Wednesday, November 11, 2009 - Jerry Sievert

Often times, I don't get to get my hands dirty at work. Not being one to let myself atrophy, I keep my eyes out for new and exciting things to catch my fancy, and spend hours and hours writing new code: usually reinventing the wheel, often times poking and prodding, just trying to figure out what I'm going to do with what I find.

One of the projects that caught my eye a bit over a year ago was CouchDB, a RESTful document storage engine, that happens to have Map/Reduce support. Being the database freak that I am, I started thinking about all of the projects I've worked on in the past that could have been improved with a document model over pseudo-relational databases. So many came to mind, and I was excited about the flexibility of CouchDB; so useful for so many things, especially with strong data analysis abilities via map and reduce.
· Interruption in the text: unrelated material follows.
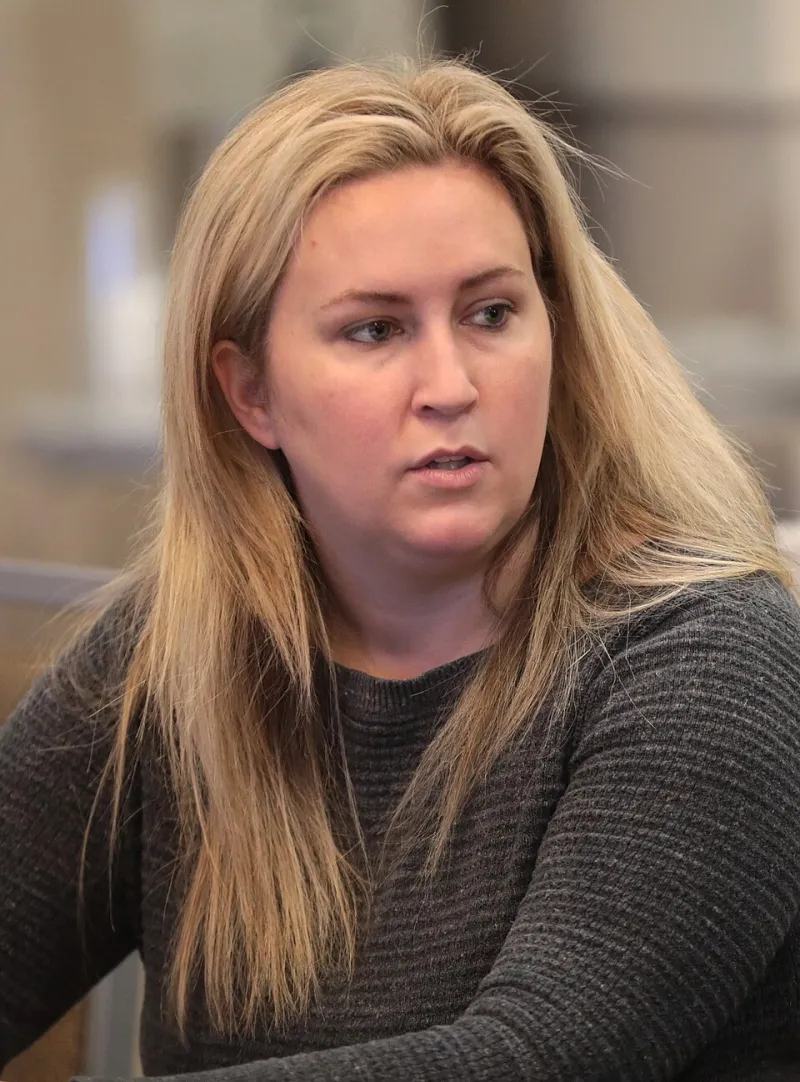 Your Digital Storefront Is Lying to Customers: The Real Cost of an Ignored Google Business Profile in Connecticut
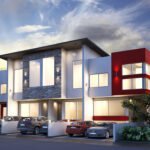 We’re doing business with pleasure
Then came a day when all of my meetings were cancelled, and instead I sat in front of a large display with a group of other people running query after query, analyzing large amounts of data -- SQL query after SQL query. By the end of the day I was exhausted and feeling just a little bit dirty. Never one to let good dirt go to waste, I sat down with a beer in hand and started scheming.
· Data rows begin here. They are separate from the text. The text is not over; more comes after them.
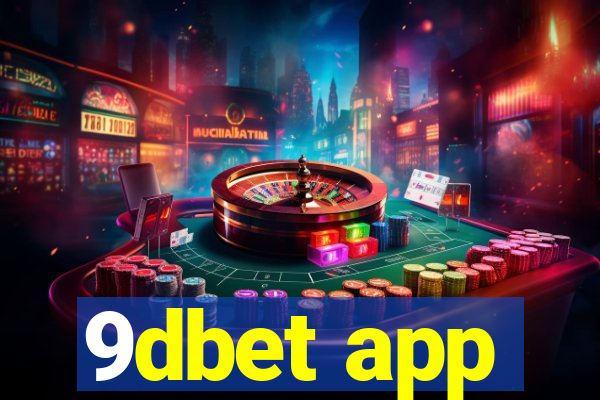 9dbet app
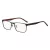 Hugo Boss HG 1316/G 003 55 Men glasses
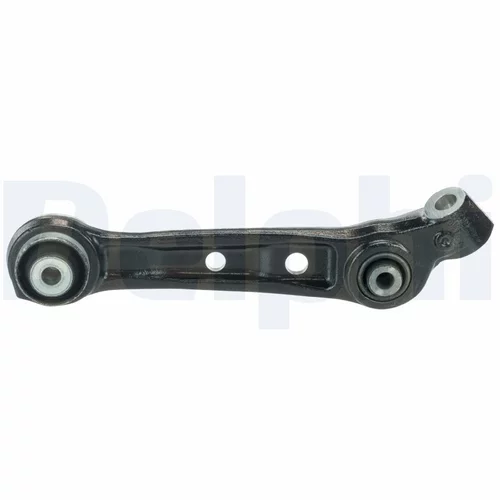 Rameno zavesenia kolies TC3812 /DELPHI/ - obr. 1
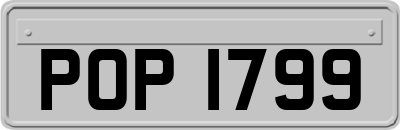 POP1799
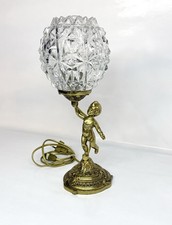 Lampe angelot d'occasion Lampe angelot d'occasion  Uzès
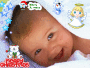 **BiMBi_DoLci**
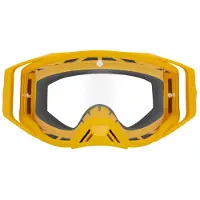 Spy Foundation Speedway Offroad-brille Mit Roll-off-system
Enter an idea: what if I could marry the ease of SQL to the flexibility of CouchDB? Actually, it was more like: what's the most amusing thing I could build after a day like today?

I'm a big fan of perl: there's nothing perl can't do, and with a wonderful repository like CPAN throwing together a script that would make the devil himself shiver becomes an easy task. Sure, perl can be so messy and complex that it can't even be parsed, but like any language, under the right circumstances it can really shine.

An hour later, I had the beginnings of a masterpiece, a bridge between the worlds of SQL and NoSQL. It was the worst abuse of technology that I could think of: a SQL front-end to CouchDB.

Something like this should never be used in production. In fact, it should probably never be used at all. It works by parsing the SQL statement, does some quick sanity checks, and builds a map function to be called with as a temporary view. These temporary views are then queried, and the response from CouchDB is printed to the terminal.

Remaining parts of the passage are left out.